La gran industria farmacéutica se destaco siempre por la búsqueda inescrupulosa de lucro. Por muchos años fue el sector industrial con mayor porcentaje de ganancias. Al 2008, diez empresas controlaban 55% del mercado global de farmacéuticos.
(Silvia Ribeiro – La Jornada) Mundo – Cuando no encuentran nuevos mercados, los inventan. “Crean” dolencias, colocando nuevos títulos a situaciones que no demandaban tratamiento con fármacos. La tendencia actual es comprar empresas de biotecnología y lanzarse, por un lado, a promover la investigación genómica, esperando crear nuevos nichos de mercado y por otro, crear un mercado para vacunas transgénicas, que es el caso de la controvertida vacuna para el virus del papiloma humano (VPH).
Las ventas de productos farmacéuticos ha tenido un crecimiento anual de 5-6%, pero el mercado de vacunas aumentó hasta 20% anual, y se espera que llegue a 36 mil millones de dólares anuales en 2013. Cuatro empresas controlan 91.5% del mercado mundial de vacunas: Merck, GlaxoSmithKline, Sanofi Aventis y Wyeth (www.etcgroup.org)
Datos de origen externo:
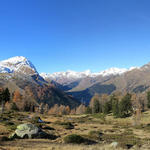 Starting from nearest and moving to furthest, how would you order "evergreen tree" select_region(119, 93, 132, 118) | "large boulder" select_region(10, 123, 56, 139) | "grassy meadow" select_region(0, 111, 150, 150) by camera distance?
"grassy meadow" select_region(0, 111, 150, 150) < "large boulder" select_region(10, 123, 56, 139) < "evergreen tree" select_region(119, 93, 132, 118)

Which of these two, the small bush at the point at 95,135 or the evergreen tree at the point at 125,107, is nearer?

En 2007, por primera vez, las vacunas para adultos superaron las ventas de vacunas pediátricas. La contribución más importante fue el jugoso negocio de las vacunas del VPH, algunas de cuyas más de 100 cepas están asociadas al desarrollo de cáncer cérvico uterino. Hay dos vacunas en el mercado: Gardasil, de Merck, que actúa sobre las cepas 6, 11, 16 y 18 y Cervarix, de GlaxoSmithKline, sobre la 16 y 18.
Esas vacunas han sido erróneamente propagandeadas como vacunas “contra el cáncer”. Pese a su costo exorbitante, efectos secundarios y restringido campo de acción, fueron compradas en los últimos años por varios sistemas de salud públicos para campañas de vacunación masiva a niñas púberes, adolescentes y mujeres jóvenes. Desde 2008 son obligatorias para mujeres de 11 a 26 años que soliciten visa de inmigrante en EEUU. El único dato no controvertido de esta vacuna son las altísimas ganancias de las empresas: Gardasil le reportó a Merck 1.500 millones de dólares solamente en 2007.
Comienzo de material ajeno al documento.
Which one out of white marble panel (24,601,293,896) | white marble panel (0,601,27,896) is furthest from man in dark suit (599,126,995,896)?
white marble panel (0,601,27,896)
Mucha gente puede pensar que los costos se justifican porque la vacuna protegería contra un cáncer de alta incidencia. En México, según datos de Inegi, mueren más de 4 mil mujeres al año por cáncer cérvico uterino, 1.7% de las defunciones femeninas registradas. La infección por VPH es una de las más difundidas en el mundo. Sin embargo, en ocho de cada 10 casos, se produce una resistencia natural al virus.
Mientras que en México el cáncer cérvico uterino ocupa el segundo lugar en muerte por cáncer femenino, en EEUU y Europa su incidencia ha disminuido significativamente en las últimas décadas. Esto se debe a que la presencia del virus no implica necesariamente la aparición de cáncer, sino que otros factores como tabaquismo, otras infecciones, desnutrición, sistema inmunológico debilitado y falta de detección oportuna de los primeros síntomas, coadyuvan a que derive en cáncer. Se trata principalmente de causas socio-económicas contra las que no existe ninguna vacuna.
Gardasil y Cervarix son aún vacunas experimentales. El estudio más amplio sobre sus posibles efectos fue auspiciado y conducido por Merck, con amplia gama de conflictos de interés de los científicos involucrados. Entre los efectos secundarios, se incluye que la vacuna puede promover cáncer a partir de otras cepas de virus presentes en el organismo, abortos espontáneos en mujeres embarazadas luego de la vacunación, parálisis y otros.
La vacuna ha sido probada en ensayos clínicos con mujeres de 15 a 23 años, pero la vacunación se está practicando a niñas desde los nueve, sobre las que se desconocen sus efectos.
No obstante y pese a que por estos y muchos otros datos, asociaciones médicas y de científicos en España, Canadá y Alemania exigen una moratoria a estas vacunas, México ha embarcado a su población en un gran experimento de vacunación masiva (y lo consideran otros países de la región) gastando millonarias sumas de dinero público que deberían usarse para verdadera prevención, en lugar de regalarle a las trasnacionales farmacéuticas el dinero y el uso de sus poblaciones como conejillos de indias.